Commander Hornet doesn’t respond. She just pulls a cigarette out of a smushed carton slipped from one of her many pockets, and then strikes a match on the bottom of her boot. The stick lights, a flickering flame drifting westward, back toward The Knoll. She brings the cigarette to the match and then takes a deep inhale when it simmers a deep red. Smoke sings from her mouth.
“It’s a tactical smoke,” she says as she flicks the edge of the cigarette with her thumb. Flakes of ash fall into the wind. “For the greater good, you know.”
“I’m sure that’s what the cigarette companies said back then, too.”
Hornet snickers, though it’s closer to a snort. She turns toward the west, taking another drag so long that it makes Tiso terribly jealous, practically foaming at the mouth to ask her for a cigarette himself. He’s not even sure why she’s smoking. They’ve just been camping out in the far eastern section of the forest, ordering the crew to disperse as far as they can in pairs in order to cover as much ground as possible, when she suddenly whipped the carton out in the absence of the other soldiers.
The plan had been to practice some good, ol’ fashioned subterfuge and take out the entirety of the crew, rather than jumping to kill the opposing commander, so Hornet’s actions are seeming a bit nonsensical. Smoking in a forest is the exact opposite of stealthy.
“Lace might’ve called me a meathead last night, but I think she sometimes forgets why I’m a commander,” Hornet says. Then, she extends the cigarette out to Tiso with a raised brow. If this is a test, then the lieutenant is about to fail it because he reaches out and takes it without a second thought. The inhale is like stepping home, and the exhale is ecstasy.
The cigarette shrinks, centimetre by centimetre.

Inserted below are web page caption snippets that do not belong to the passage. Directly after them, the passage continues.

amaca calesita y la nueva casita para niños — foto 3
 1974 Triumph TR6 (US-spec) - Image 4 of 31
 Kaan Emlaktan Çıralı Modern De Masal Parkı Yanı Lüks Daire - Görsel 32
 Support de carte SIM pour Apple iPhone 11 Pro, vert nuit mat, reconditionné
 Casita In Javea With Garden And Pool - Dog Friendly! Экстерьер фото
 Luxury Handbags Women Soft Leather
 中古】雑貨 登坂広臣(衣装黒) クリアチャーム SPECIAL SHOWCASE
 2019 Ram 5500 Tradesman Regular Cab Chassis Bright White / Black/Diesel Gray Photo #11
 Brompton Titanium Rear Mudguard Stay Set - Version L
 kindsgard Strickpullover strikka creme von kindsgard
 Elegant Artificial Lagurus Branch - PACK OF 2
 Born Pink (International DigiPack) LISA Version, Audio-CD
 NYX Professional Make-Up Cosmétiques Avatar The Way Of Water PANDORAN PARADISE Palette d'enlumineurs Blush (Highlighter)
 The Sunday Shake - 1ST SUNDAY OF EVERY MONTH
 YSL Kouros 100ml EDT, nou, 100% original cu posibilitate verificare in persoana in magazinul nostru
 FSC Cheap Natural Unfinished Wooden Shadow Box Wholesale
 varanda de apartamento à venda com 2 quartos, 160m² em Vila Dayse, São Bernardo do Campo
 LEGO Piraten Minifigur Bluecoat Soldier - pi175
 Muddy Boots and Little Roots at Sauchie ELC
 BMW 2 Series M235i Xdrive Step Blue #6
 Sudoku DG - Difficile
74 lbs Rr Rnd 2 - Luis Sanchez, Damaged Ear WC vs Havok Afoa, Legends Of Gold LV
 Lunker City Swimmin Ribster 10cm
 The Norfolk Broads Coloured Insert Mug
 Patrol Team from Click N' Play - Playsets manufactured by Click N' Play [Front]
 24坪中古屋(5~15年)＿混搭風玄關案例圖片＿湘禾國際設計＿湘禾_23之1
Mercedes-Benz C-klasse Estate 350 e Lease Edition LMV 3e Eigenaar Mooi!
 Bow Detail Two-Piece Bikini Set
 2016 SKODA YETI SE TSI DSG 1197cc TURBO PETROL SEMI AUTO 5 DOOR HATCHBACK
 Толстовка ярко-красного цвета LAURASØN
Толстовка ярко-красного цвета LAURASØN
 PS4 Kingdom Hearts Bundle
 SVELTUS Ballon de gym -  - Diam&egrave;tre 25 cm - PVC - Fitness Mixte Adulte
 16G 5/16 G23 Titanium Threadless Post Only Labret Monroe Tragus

“Quirrel knows you smoke?”
“No,” the commander replies quickly. “Don’t tell him I do. It’s only a sometimes thing. Even Lace thinks I quit a couple years ago— which I did, to be fair.”
“And that’s why you’re smoking now.”
Hornet sends him a look. “Cheeky,” she deadpans. “Look, being a commander is about more than respect or being able to win a battle. It’s knowing your crew, in and out. Which guns they prefer, what position; how well they handle pain, and how much you can trust them with an evac when things go south. It’s being aware of how they’ll react. A good commander anticipates it before it has the chance to happen.”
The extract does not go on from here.